> Problem to solve
Copy nothing but the line with "Hi, hello guys, welcome" and the lines that follow it to the end of the entries below, and keep the pictures out.
== Dataset records ==
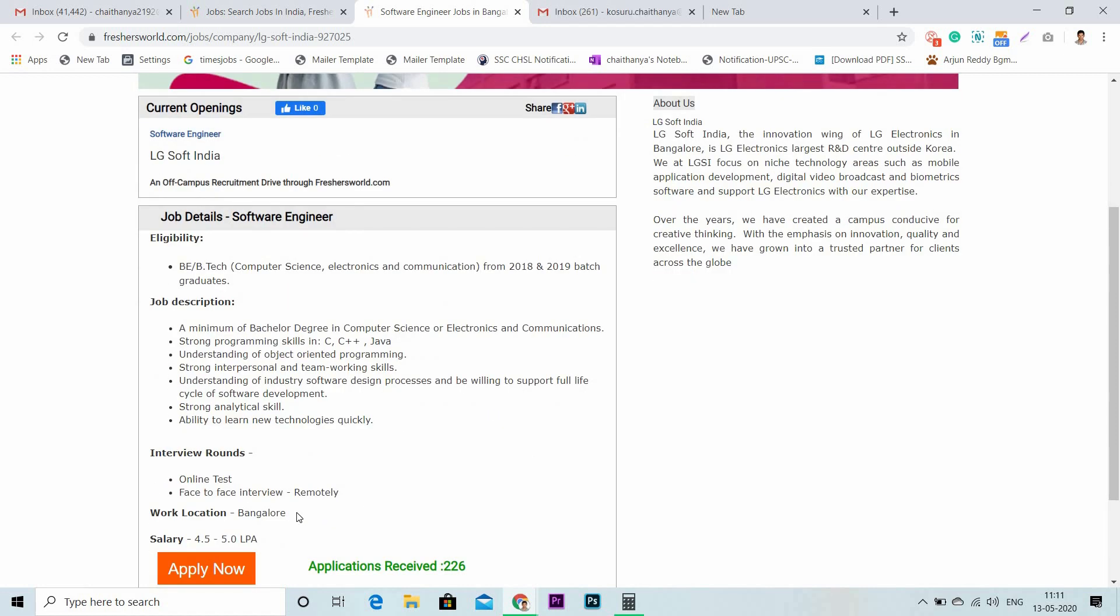All candidates who have the skills and meet the eligibility criteria, please apply from the link given in the description below. If you are not a registered member of Freshersworld, please register at Freshersworld and apply for this job.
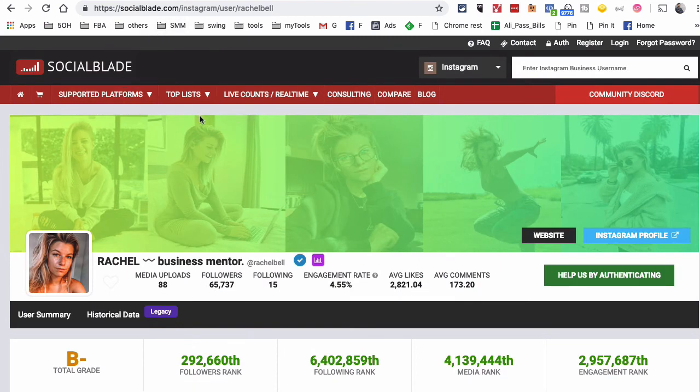So that's it — igblade.com and socialblade.com are two free tools you can use to track the growth of your Instagram account or any other Instagram account. Make sure you subscribe to my YouTube channel — this channel is full of marketing hacks and experiments. Do subscribe and I will see you in the next video.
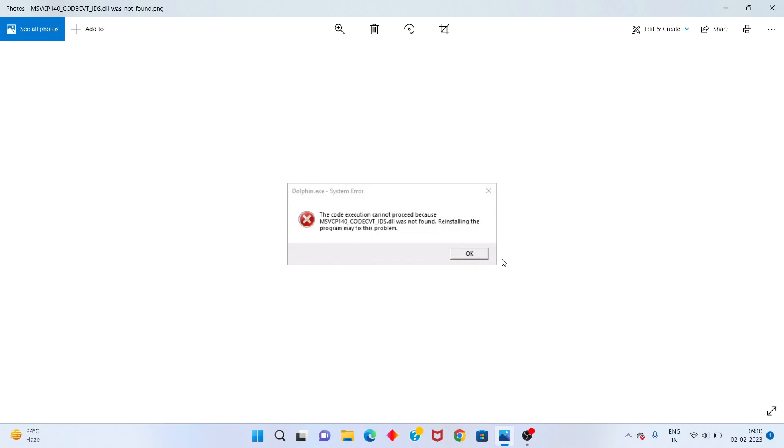Hi, hello guys, welcome to my channel. How to fix this error: file not found, reinstall the program. To fix this problem, follow these steps. First step: go to any browser.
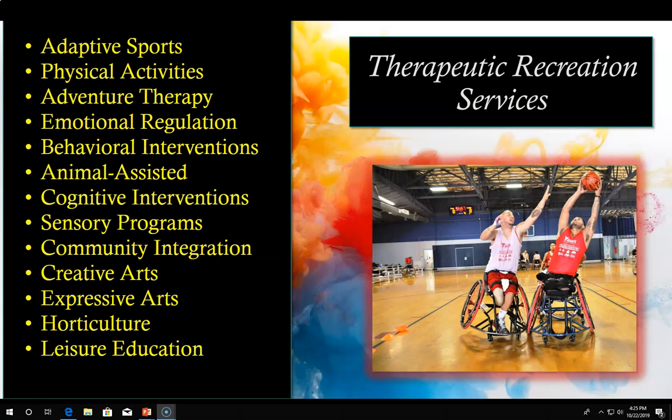Processing is an essential component of recreational therapy. It fosters behavioral change and focuses on having the participant identify how the experience impacted him or her and applies to his or her life.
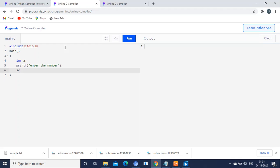And using the scanf statement, what we will do is use %d, comma, ampersand a. This is the statement we will use for scanning the input from the user.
===
> Response to this task
Hi, hello guys, welcome to my channel. How to fix this error: file not found, reinstall the program. To fix this problem, follow these steps. First step: go to any browser.
Processing is an essential component of recreational therapy. It fosters behavioral change and focuses on having the participant identify how the experience impacted him or her and applies to his or her life.
And using the scanf statement, what we will do is use %d, comma, ampersand a. This is the statement we will use for scanning the input from the user.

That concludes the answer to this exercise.